What you have to do:
Transcribe every entry verbatim; omit pictures.

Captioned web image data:
▼
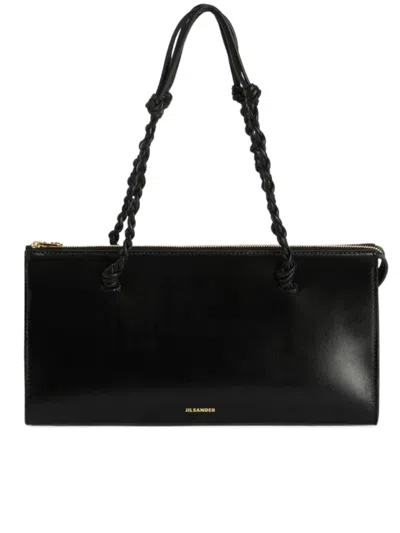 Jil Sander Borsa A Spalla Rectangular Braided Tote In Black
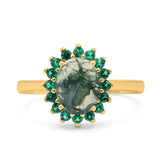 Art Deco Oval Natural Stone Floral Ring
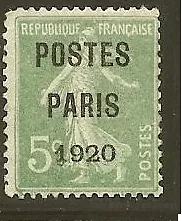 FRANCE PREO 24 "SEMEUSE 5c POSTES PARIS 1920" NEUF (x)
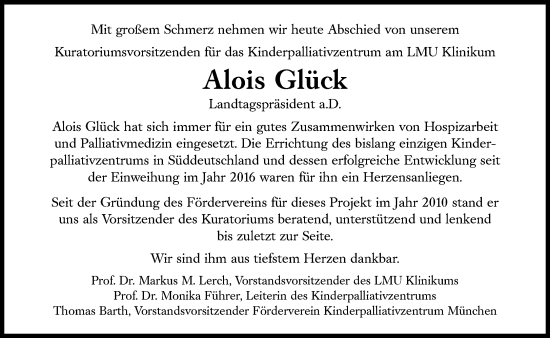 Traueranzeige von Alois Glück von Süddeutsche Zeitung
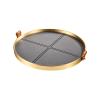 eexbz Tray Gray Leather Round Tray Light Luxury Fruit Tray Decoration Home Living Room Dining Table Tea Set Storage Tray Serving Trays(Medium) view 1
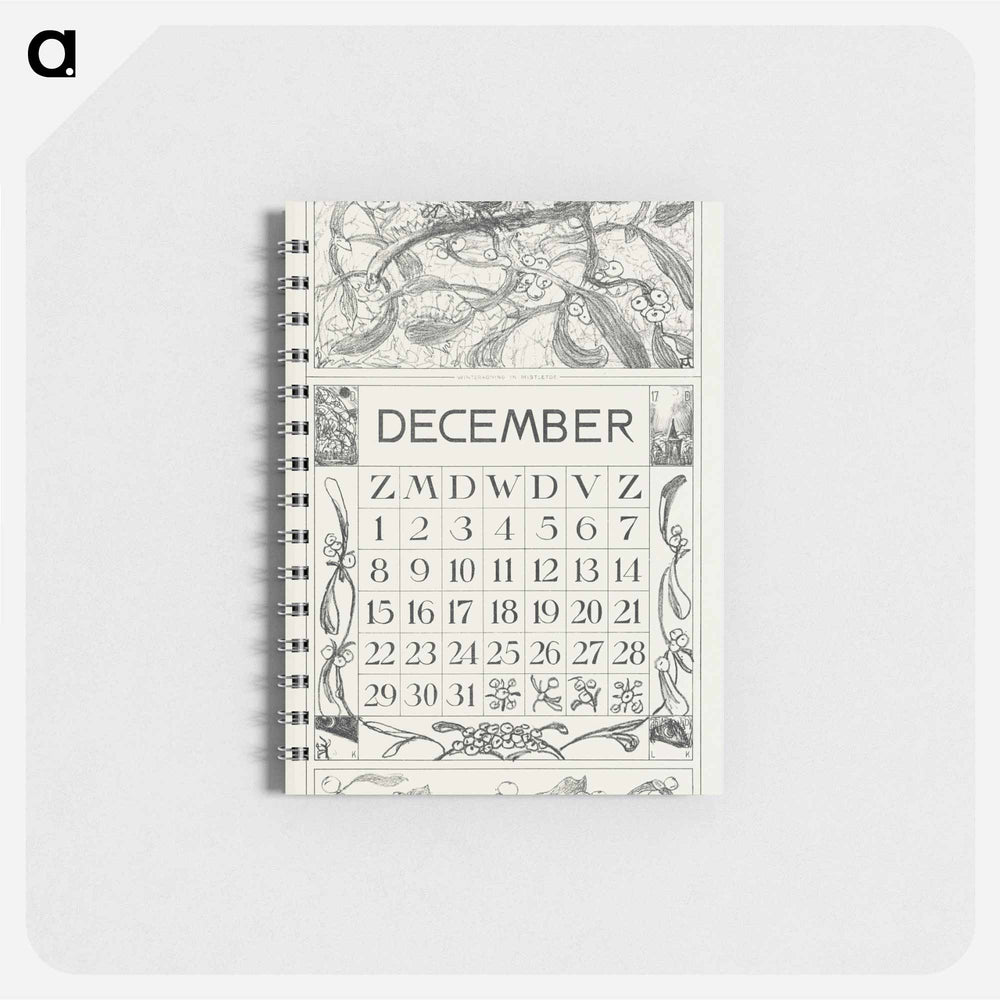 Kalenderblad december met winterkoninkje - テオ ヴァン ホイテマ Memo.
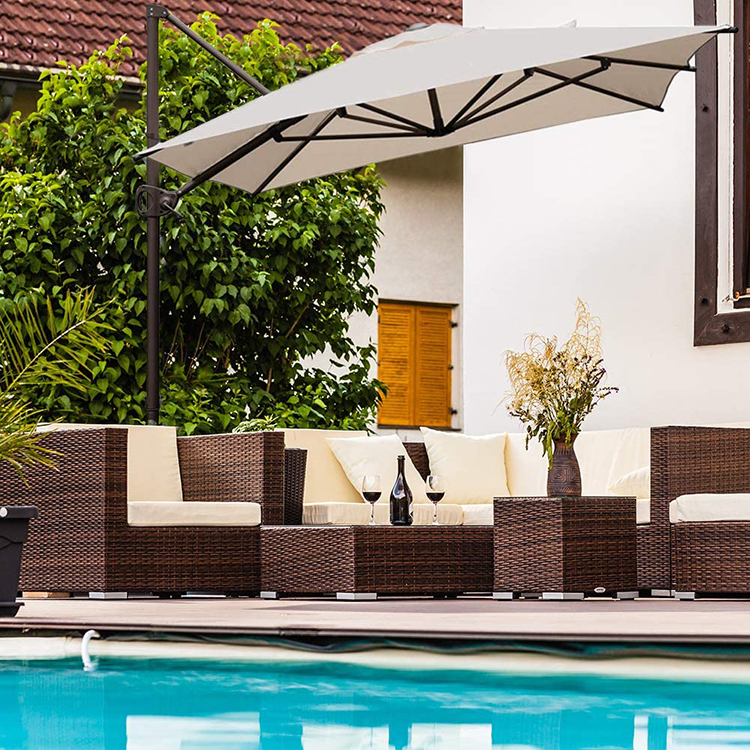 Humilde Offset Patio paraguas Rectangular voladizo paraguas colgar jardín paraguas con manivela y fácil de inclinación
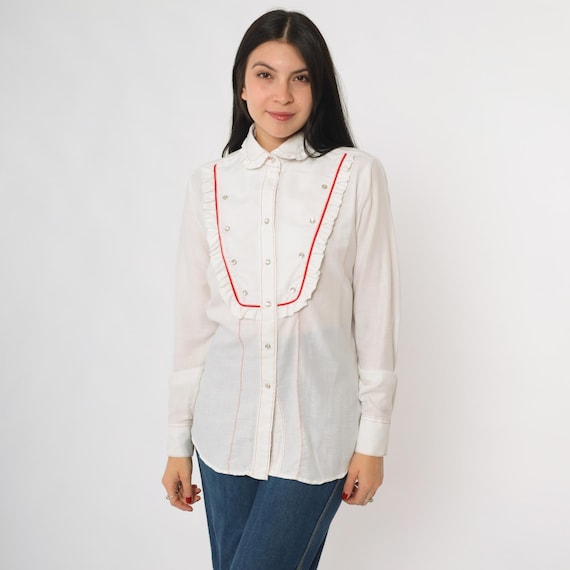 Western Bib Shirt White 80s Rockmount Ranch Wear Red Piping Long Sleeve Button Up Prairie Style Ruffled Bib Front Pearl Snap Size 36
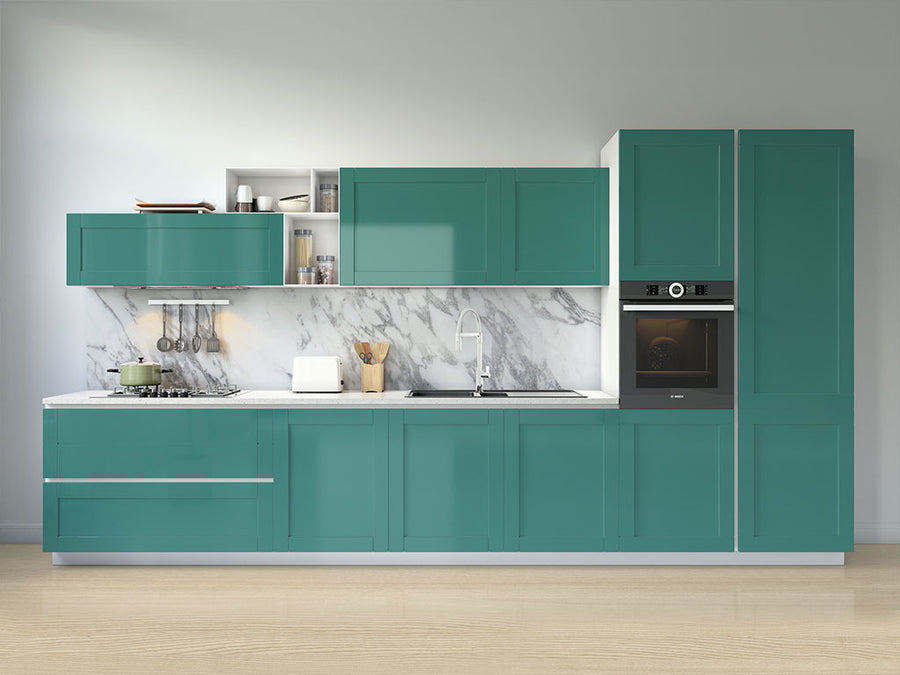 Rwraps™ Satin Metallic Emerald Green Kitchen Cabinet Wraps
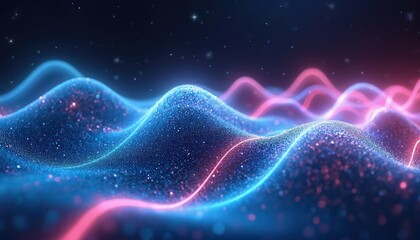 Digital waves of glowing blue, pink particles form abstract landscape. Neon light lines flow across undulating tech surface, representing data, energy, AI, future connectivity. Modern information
▲
Response area:
 Jil Sander Borsa A Spalla Rectangular Braided Tote In Black
 Art Deco Oval Natural Stone Floral Ring
 FRANCE PREO 24 "SEMEUSE 5c POSTES PARIS 1920" NEUF (x)
 Traueranzeige von Alois Glück von Süddeutsche Zeitung
 eexbz Tray Gray Leather Round Tray Light Luxury Fruit Tray Decoration Home Living Room Dining Table Tea Set Storage Tray Serving Trays(Medium) view 1
 Kalenderblad december met winterkoninkje - テオ ヴァン ホイテマ Memo.
 Humilde Offset Patio paraguas Rectangular voladizo paraguas colgar jardín paraguas con manivela y fácil de inclinación
 Western Bib Shirt White 80s Rockmount Ranch Wear Red Piping Long Sleeve Button Up Prairie Style Ruffled Bib Front Pearl Snap Size 36
 Rwraps™ Satin Metallic Emerald Green Kitchen Cabinet Wraps
 Digital waves of glowing blue, pink particles form abstract landscape. Neon light lines flow across undulating tech surface, representing data, energy, AI, future connectivity. Modern information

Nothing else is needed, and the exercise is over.